Data-driven forecasting of photovoltaic performance with explainable artificial intelligence: Experimental validation using environmental and thermal predictors


Karakoyun Y., KATİPOĞLU O. M., DOĞAN A., Canbaz A.

Energy Conversion and Management, cilt.364, 2026 (SCI-Expanded, Scopus) identifier

  • Yayın Türü: Makale / Tam Makale
  • Cilt numarası: 364
  • Basım Tarihi: 2026
  • Doi Numarası: 10.1016/j.enconman.2026.121734
  • Dergi Adı: Energy Conversion and Management
  • Derginin Tarandığı İndeksler: Science Citation Index Expanded (SCI-EXPANDED), Scopus, Applied Science & Technology Source, Compendex, Environment Index, INSPEC, Academic Search Ultimate (EBSCO), Engineering Source (EBSCO)
  • Anahtar Kelimeler: Machine Learning, Regression Analysis, SHAP, Solar Energy Forecasting, Sustainable Energy
  • Van Yüzüncü Yıl Üniversitesi Adresli: Evet

Özet

PV systems meet energy demand, but environmental and operational factors affect their performance. This study used a three-scenario ablation framework to predict PV power from baseline meteorological and operational variables to under-panel temperature and finally to the full thermal configuration, including water temperature (a newly studied variable). Scenario 1 included time, air temperature, panel angle, relative humidity, and average wind speed; Scenario 2 added under-panel temperature; and Scenario 3 added water temperature. Direct thermal predictors were evaluated separately from meteorological inputs using this design. Four sophisticated ML algorithms, Random Forest (RF), CatBoost, Support Vector Machine (SVM), and one-dimensional Convolutional Neural Network (1D CNN), were refined by Randomized Search (RS) and evaluated using metrics. According to the first group of power prediction results under the full Scenario 3 configuration, the CatBoost-RS model demonstrated superior performance with RMSE = 10.61, MAE = 8.41, AIC = 222.22, KGE = 0.957, and R2 = 0.99. For the second group, the SVM-RS model outperformed others, achieving RMSE = 8.02, MAE = 5.50, AIC = 200.36, KGE = 0.994, and R2 = 0.992. Comparative analysis showed that CatBoost-RS was the most robust predictor, while RF exhibited proficiency in managing nonlinearity in this experimental setting.

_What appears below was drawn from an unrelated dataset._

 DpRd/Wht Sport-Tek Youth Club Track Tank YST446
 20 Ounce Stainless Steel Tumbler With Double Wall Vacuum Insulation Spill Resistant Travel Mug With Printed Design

One-way ANOVA, paired t -test, Wilcoxon signed-rank test, bootstrap confidence intervals, and effect size (Cohen’s d) analyses across both groups show that optimised ensemble and kernel-based models outperform the convolutional approach in predictive performance. Experimental validation and high predictive accuracy improve PV performance prediction in the proposed method.